* WORK TO COMPLETE *
Would you transcribe the records below from the line with "view of swimming" to the line with "Caramelized onion tart", ends included, exactly and with nothing more, leaving the pictures out?

* EXERCISE MATERIAL *
=======

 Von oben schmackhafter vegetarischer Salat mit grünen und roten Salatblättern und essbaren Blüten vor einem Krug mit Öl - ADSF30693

=======

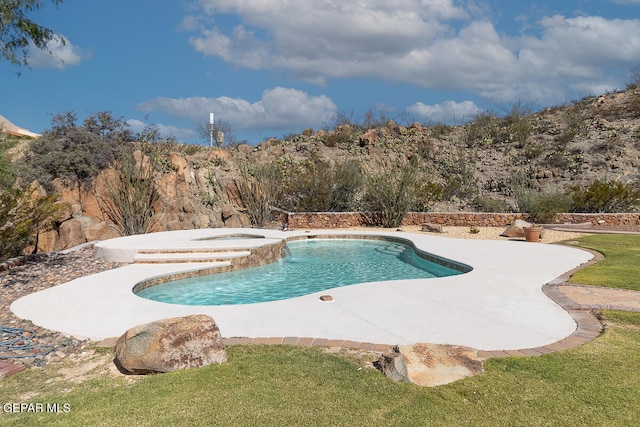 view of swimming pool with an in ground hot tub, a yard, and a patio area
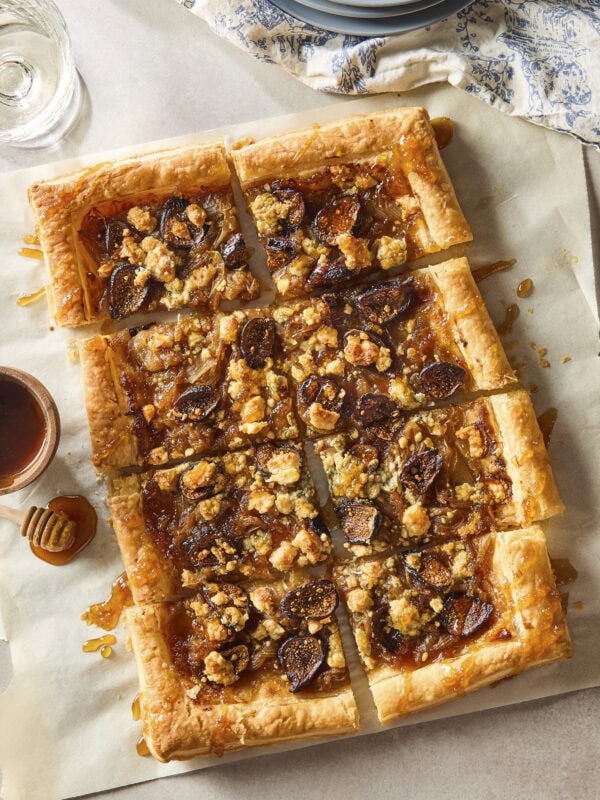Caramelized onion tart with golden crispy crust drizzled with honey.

=======

* RESPONSE FOR THIS EXERCISE *
 view of swimming pool with an in ground hot tub, a yard, and a patio area
Caramelized onion tart with golden crispy crust drizzled with honey.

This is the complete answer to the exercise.